§ **The task**: Copy exactly the lines starting at the one that contains "This is part" and running through the end of the material below. Exclude any pictures.

§ **The data**:
◆ ◆ ◆
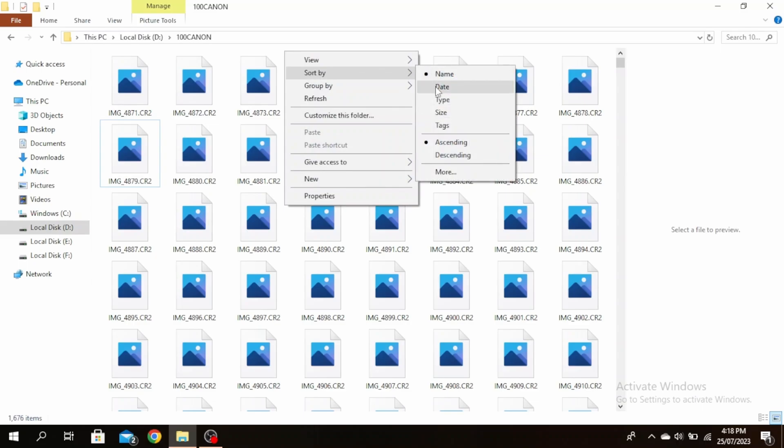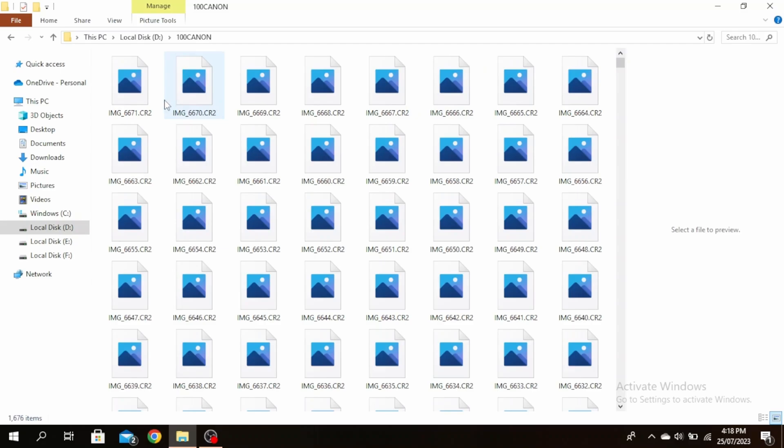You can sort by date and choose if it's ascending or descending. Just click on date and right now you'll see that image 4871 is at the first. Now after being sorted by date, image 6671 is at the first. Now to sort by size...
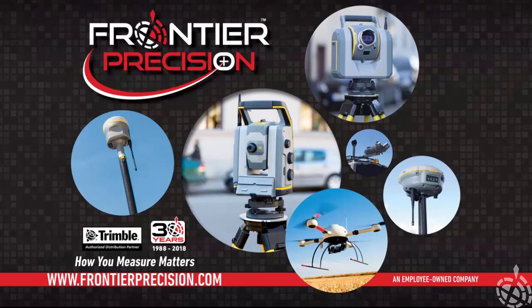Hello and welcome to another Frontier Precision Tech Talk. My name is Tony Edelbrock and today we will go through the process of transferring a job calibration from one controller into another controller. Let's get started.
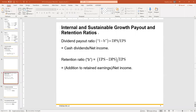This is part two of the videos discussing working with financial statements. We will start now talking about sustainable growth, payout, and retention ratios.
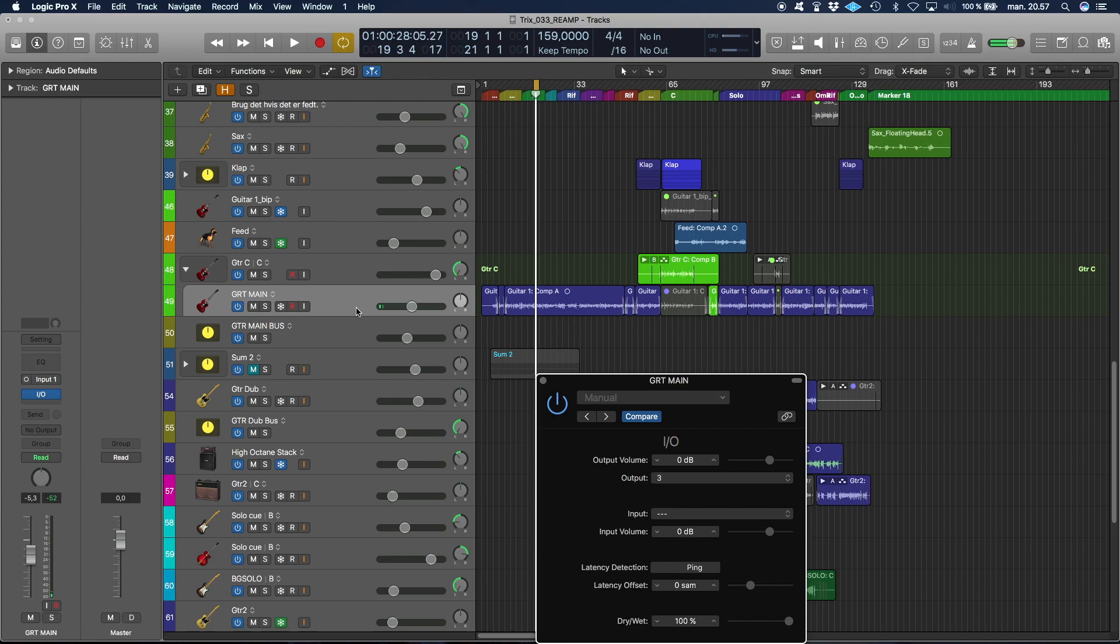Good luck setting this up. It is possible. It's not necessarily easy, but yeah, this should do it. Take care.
◆ ◆ ◆
§ **Answer to this exercise**:
This is part two of the videos discussing working with financial statements. We will start now talking about sustainable growth, payout, and retention ratios.
Good luck setting this up. It is possible. It's not necessarily easy, but yeah, this should do it. Take care.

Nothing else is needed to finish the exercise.